__Work required__. Find the line that contains "1) For how long" in the entries below. Write out that line and all that follow it, unchanged and alone.

*** Block opens ***

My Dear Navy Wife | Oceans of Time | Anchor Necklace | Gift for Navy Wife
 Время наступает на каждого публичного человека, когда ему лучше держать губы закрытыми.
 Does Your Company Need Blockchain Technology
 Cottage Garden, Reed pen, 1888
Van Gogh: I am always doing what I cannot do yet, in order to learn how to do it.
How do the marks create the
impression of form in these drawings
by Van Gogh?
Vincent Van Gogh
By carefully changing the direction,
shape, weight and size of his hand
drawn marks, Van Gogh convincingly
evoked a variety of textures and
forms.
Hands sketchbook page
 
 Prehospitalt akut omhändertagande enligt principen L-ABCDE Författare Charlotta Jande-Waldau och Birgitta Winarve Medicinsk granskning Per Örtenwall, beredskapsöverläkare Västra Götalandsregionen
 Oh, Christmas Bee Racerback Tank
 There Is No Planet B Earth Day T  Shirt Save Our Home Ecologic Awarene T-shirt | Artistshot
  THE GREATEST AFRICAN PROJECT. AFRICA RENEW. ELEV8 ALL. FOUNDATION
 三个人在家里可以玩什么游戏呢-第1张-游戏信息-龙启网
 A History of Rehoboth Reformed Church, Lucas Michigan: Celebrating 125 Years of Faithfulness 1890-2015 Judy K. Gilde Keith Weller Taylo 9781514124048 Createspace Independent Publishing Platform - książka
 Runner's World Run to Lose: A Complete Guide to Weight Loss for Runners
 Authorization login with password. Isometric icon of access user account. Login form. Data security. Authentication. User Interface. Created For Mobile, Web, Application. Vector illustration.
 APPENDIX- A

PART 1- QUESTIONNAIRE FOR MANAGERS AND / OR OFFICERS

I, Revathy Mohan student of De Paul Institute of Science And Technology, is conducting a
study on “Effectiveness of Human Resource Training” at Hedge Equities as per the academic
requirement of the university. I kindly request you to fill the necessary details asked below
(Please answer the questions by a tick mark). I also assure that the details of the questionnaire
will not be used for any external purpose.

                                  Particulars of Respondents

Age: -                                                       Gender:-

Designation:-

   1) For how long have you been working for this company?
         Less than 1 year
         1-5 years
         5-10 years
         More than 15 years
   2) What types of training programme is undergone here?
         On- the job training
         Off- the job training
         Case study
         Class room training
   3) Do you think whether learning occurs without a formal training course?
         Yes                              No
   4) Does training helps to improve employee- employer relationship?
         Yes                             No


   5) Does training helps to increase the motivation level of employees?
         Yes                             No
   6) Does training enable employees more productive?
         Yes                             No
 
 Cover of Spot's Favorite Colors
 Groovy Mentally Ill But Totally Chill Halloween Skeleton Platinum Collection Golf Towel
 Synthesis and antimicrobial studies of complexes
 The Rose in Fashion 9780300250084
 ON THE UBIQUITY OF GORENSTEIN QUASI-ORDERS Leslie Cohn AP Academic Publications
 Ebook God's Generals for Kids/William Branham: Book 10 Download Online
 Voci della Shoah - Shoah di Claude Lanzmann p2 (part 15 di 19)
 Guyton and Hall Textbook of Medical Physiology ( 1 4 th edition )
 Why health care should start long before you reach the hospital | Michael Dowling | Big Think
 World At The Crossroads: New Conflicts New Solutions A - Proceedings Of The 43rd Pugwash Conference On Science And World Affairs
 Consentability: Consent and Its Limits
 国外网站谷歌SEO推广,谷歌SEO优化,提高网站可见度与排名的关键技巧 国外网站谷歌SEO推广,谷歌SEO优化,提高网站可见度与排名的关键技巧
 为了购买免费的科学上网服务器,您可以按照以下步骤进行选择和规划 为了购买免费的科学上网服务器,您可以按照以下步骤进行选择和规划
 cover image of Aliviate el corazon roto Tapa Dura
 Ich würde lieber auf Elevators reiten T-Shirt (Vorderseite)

*** Block closes ***

__Expected answer__.
   1) For how long have you been working for this company?
         Less than 1 year
         1-5 years
         5-10 years
         More than 15 years
   2) What types of training programme is undergone here?
         On- the job training
         Off- the job training
         Case study
         Class room training
   3) Do you think whether learning occurs without a formal training course?
         Yes                              No
   4) Does training helps to improve employee- employer relationship?
         Yes                             No


   5) Does training helps to increase the motivation level of employees?
         Yes                             No
   6) Does training enable employees more productive?
         Yes                             No
 
 Cover of Spot's Favorite Colors
 Groovy Mentally Ill But Totally Chill Halloween Skeleton Platinum Collection Golf Towel
 Synthesis and antimicrobial studies of complexes
 The Rose in Fashion 9780300250084
 ON THE UBIQUITY OF GORENSTEIN QUASI-ORDERS Leslie Cohn AP Academic Publications
 Ebook God's Generals for Kids/William Branham: Book 10 Download Online
 Voci della Shoah - Shoah di Claude Lanzmann p2 (part 15 di 19)
 Guyton and Hall Textbook of Medical Physiology ( 1 4 th edition )
 Why health care should start long before you reach the hospital | Michael Dowling | Big Think
 World At The Crossroads: New Conflicts New Solutions A - Proceedings Of The 43rd Pugwash Conference On Science And World Affairs
 Consentability: Consent and Its Limits
 国外网站谷歌SEO推广,谷歌SEO优化,提高网站可见度与排名的关键技巧 国外网站谷歌SEO推广,谷歌SEO优化,提高网站可见度与排名的关键技巧
 为了购买免费的科学上网服务器,您可以按照以下步骤进行选择和规划 为了购买免费的科学上网服务器,您可以按照以下步骤进行选择和规划
 cover image of Aliviate el corazon roto Tapa Dura
 Ich würde lieber auf Elevators reiten T-Shirt (Vorderseite)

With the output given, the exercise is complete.